At the time, French actor Alain Delon was a top star in Europe, although he was little known in the U.S.
“He was No. 1, and Clint Eastwood, Charles Bronson and myself were 2, 3 or 4 in Europe depending on who had the most recent release,” said Mitchum, who still recalls a publicity tour in Japan for “Summertime Killer.”
“I arrived in Osaka where a wall of police with riot shields lined up to keep back some 2,000 fans trying to see me as I got off the train. It was just crazy.”
After returning to America, Chris interviewed for the 1973 crime comedy “Steelyard Blues.”
“The casting director took one look at me and said ‘Oh, you’re that Chris Mitchum, I can’t hire you,’” he said. “When I asked why not, she said ‘Because you worked with John Wayne.’”
Wayne was a well-known conservative and seen as a supporter of the Vietnam War by the ‘60s anti-war movement, especially after his 1969 film “The Green Berets,” which critics regarded as a propaganda film.
But Wayne was too big to take down — as large in life as he was on screen.
“So liberal Hollywood went after actors who worked with him, and I was blacklisted,” Chris said. “But Duke loved our troops and couldn’t do enough for them. Today, people understand that you can support our troops but not a war. That wasn’t so clear-cut during Vietnam.”
Like Wayne, Chris’ dad was also politically conservative.
“He was also a radical,” Chris said. “In fact, Hollywood never really understood my father because of his disdain for Hollywood ‘games’ like campaigning for Oscars.”
Nor did his dad always display tolerance for authority.
“He used to drive up and down Sunset Boulevard at 100 mph — he had a wall covered with speeding tickets! One day, he was in his ’52 XK120 Jaguar and got pulled over. Recognizing him, the cops called up their buddies to come over and meet Robert Mitchum. But dad was in a hurry and getting impatient, so he just took off. They arrested him and it was front-page news the next day. I was kicked out of elementary school to avoid any future bad publicity,” Chris said.
In the 1970s, Chris continued to star in overseas productions, but also returned to work in America starring in “Stingray” (1978), “The One Man Jury” (1978) and “The Day Time Ended” (1979).
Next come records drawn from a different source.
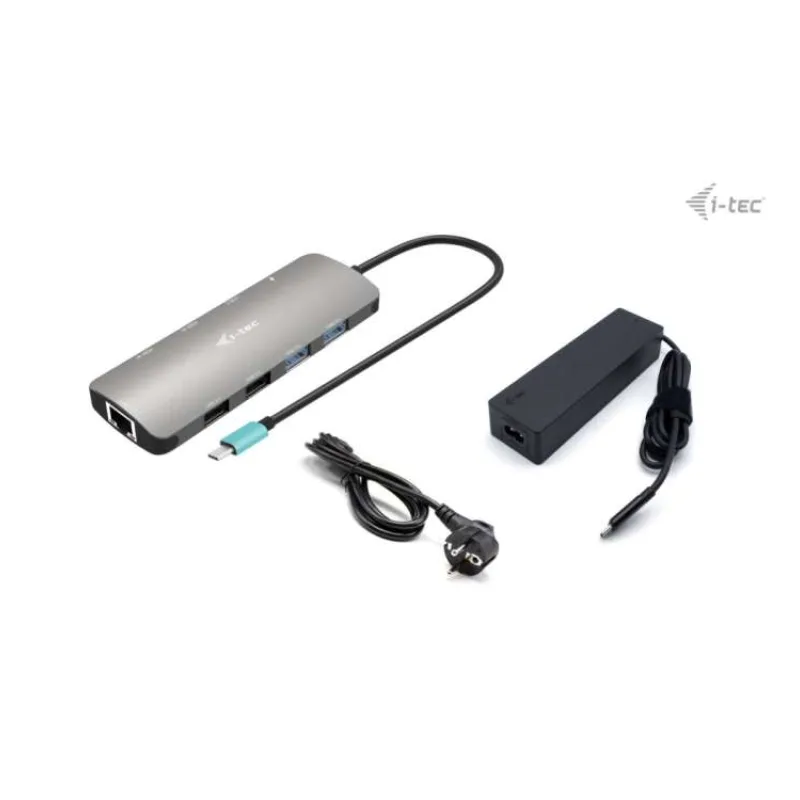 i-tec USB-C Metal Nano 2x HDMI Docking Station, PD 100W + Charger 100W (bundle) (C31NANOHDM2D100)
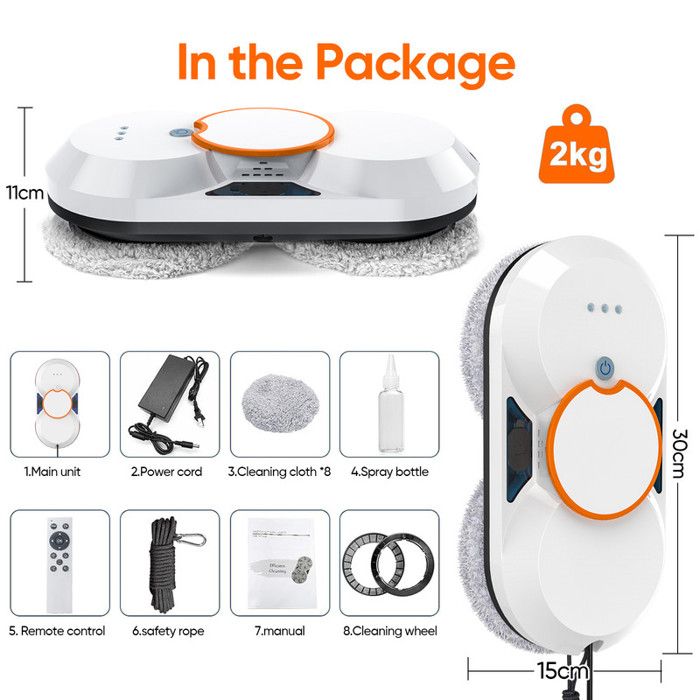 Robot Laveur De Vitre Automatique 3800Pa Réservoir 60ml - Télécommande - Corde de Sécurité - Détection de Bord Intelligente - 3 – Image 6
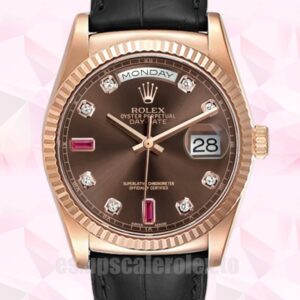 Rolex Day-Date De Los Hombres 118135-0085 36mm Reloj Esfera Marrón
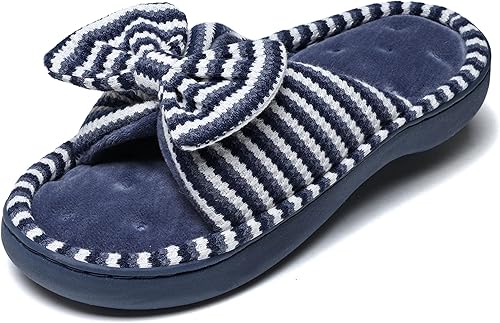 Meik Mangni Womens Memory Foam Slippers with Bow Fuzzy Non-Slip House Shoes Cozy
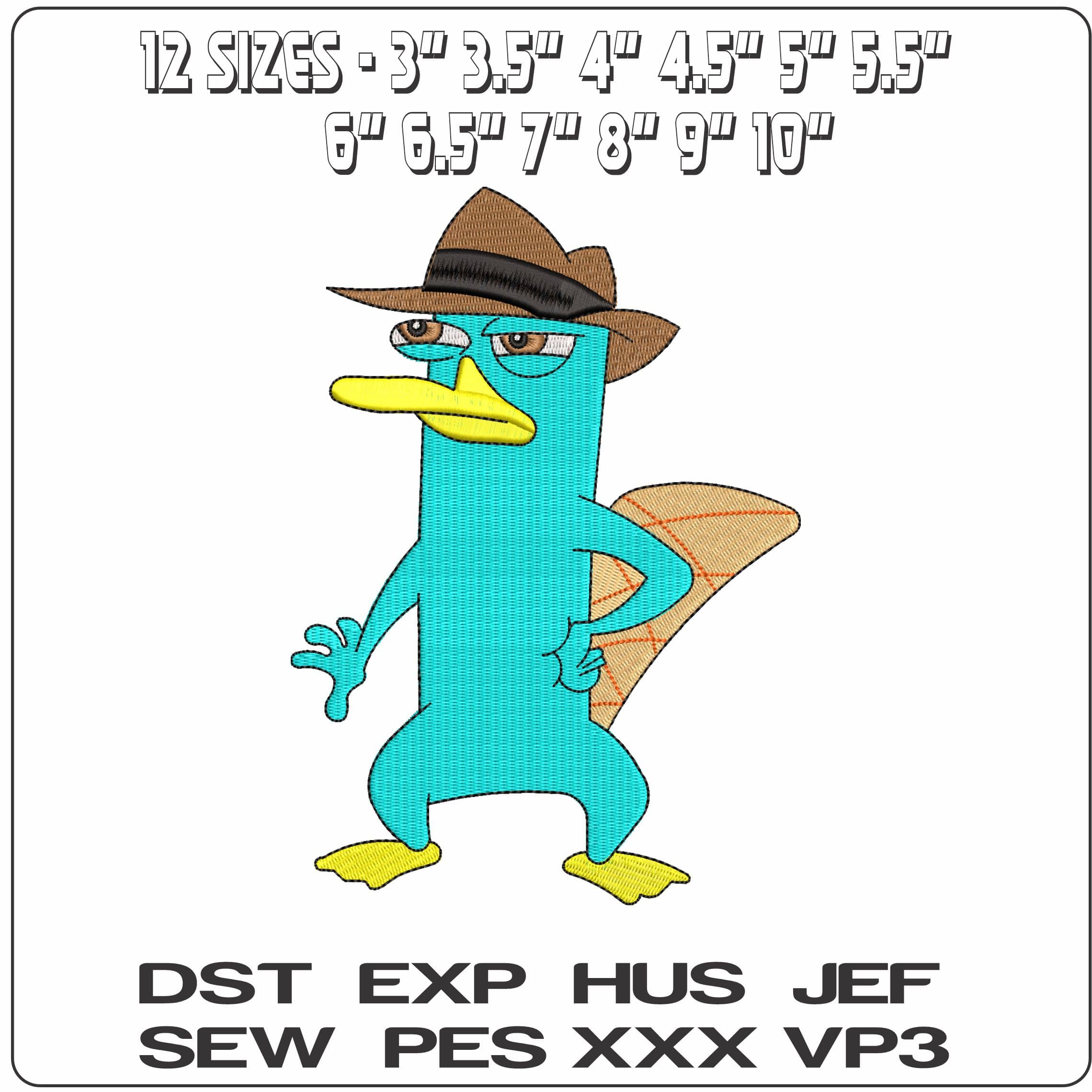 Perry the Platypus Agent PI Phineas and Ferb Cartoon   - Elegant embroidery design file-instant download — view 2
“I also had nine films published overseas, and am currently writing a murder mystery that was put on hold while I ran for Congress last year,” Chris said.
While his own star status in the U.S. fell far short of his dad’s, Mitchum accepted the challenges of being the son of a Hollywood icon.
“I don’t believe I ever got an acting job because I was Robert Mitchum’s son,” he said. “In fact, I had to be better than anyone else auditioning for a part so they would hire me because of my performance rather than who I was.”
And even though his father never told him so directly, he knew his dad was proud of his achievements.
“I heard it from many friends and people he worked with over the years,” he said.
Chris also remembers a story his father would relate after returning from making “The Yakuza” in Japan in 1974.
“During that trip, a girl came up to him and asked, ‘Are you Chris Mitchum’s father? Can you get me his autograph?’” Chris recalled. “He loved telling that story.”